WORK INSTRUCTION: Among the entries below, one line contains "Beige rug with" and another contains "Camiseta blanca con". Transcribe those two lines and every line between them, exactly.
Start of DATA FOR THIS EXERCISE
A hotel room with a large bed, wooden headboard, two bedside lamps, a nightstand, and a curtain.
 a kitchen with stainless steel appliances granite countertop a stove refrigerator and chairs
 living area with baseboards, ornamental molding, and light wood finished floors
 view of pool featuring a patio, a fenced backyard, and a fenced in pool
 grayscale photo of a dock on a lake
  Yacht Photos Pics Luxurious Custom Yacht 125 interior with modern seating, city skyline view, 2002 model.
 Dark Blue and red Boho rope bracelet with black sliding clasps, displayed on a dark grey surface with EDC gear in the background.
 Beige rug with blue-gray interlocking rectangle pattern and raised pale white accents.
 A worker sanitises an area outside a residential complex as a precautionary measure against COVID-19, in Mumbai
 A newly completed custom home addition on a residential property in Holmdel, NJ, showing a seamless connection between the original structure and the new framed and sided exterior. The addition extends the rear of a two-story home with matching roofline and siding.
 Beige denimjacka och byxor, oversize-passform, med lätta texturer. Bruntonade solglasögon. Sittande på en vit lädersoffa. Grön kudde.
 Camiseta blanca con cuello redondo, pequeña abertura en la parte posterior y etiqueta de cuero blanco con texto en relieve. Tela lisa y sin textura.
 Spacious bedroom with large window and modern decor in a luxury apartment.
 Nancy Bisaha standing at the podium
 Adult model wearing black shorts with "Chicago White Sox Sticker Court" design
End of DATA FOR THIS EXERCISE
SOLVED EXERCISE:
 Beige rug with blue-gray interlocking rectangle pattern and raised pale white accents.
 A worker sanitises an area outside a residential complex as a precautionary measure against COVID-19, in Mumbai
 A newly completed custom home addition on a residential property in Holmdel, NJ, showing a seamless connection between the original structure and the new framed and sided exterior. The addition extends the rear of a two-story home with matching roofline and siding.
 Beige denimjacka och byxor, oversize-passform, med lätta texturer. Bruntonade solglasögon. Sittande på en vit lädersoffa. Grön kudde.
 Camiseta blanca con cuello redondo, pequeña abertura en la parte posterior y etiqueta de cuero blanco con texto en relieve. Tela lisa y sin textura.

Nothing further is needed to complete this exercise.